I recently took a brief trip down to Taos and Santa Fe, New Mexico and drove along the scenic High Road to Taos. Of course, along the way, in addition to stopping off to admire the vast chaparral landscape, I stopped at a number of the old adobe churches that are some of the oldest still-standing buildings in North America.
The dominant building material here is adobe - mud and straw bricks, left to dry in the sun. As you can see in the photo above, the adobe walls are usually coated with another clay/mud layer that helps to protect the exterior surface and renders the entire building into a massive, monolithic volume.
Further accentuating the bulging masses, the height of the unsupported adobe walls required buttresses, not unlike classic North European cathedrals, to keep the walls vaguely vertical. In the case of many of the churches, these buttresses at the front and corners of the building, were integrated into the wall planes of the church. The overall effect is one of a gigantic lump of clay, albeit hollowed out for occupation.
These massive structures dominate the landscape, and although they do not in any way try to meld sympathetically with the immediate topography, the consistency of color and form of the slathered adobe, makes them clearly native to their environment.

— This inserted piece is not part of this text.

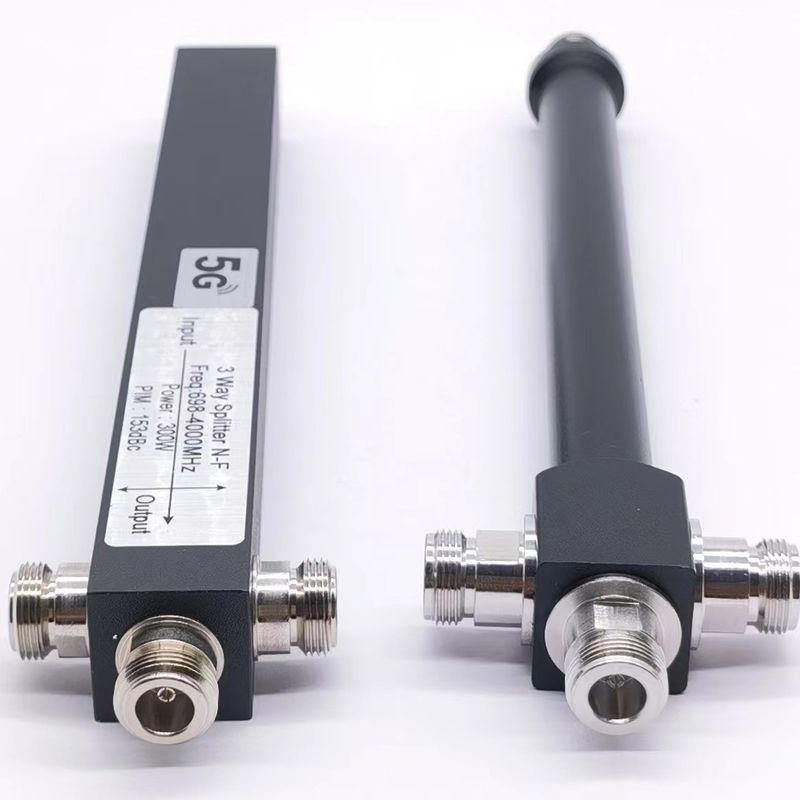 698-4200MHz N-F 3 Way Low Pim Cavity High Power Splitter en couleur grise personnalisée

These are sacred spaces, but also buildings of oppression, often severe. In most cases, they are the only building over 1 story high and clearly the pride of their communities. They dominate the landscape and it would seem, at least at one time, the lives of the villages they inhabit. Their impressive stature lies not in their ornament or even craftsmanship, but their bulk, unyielding and stoic, baking in the landscape.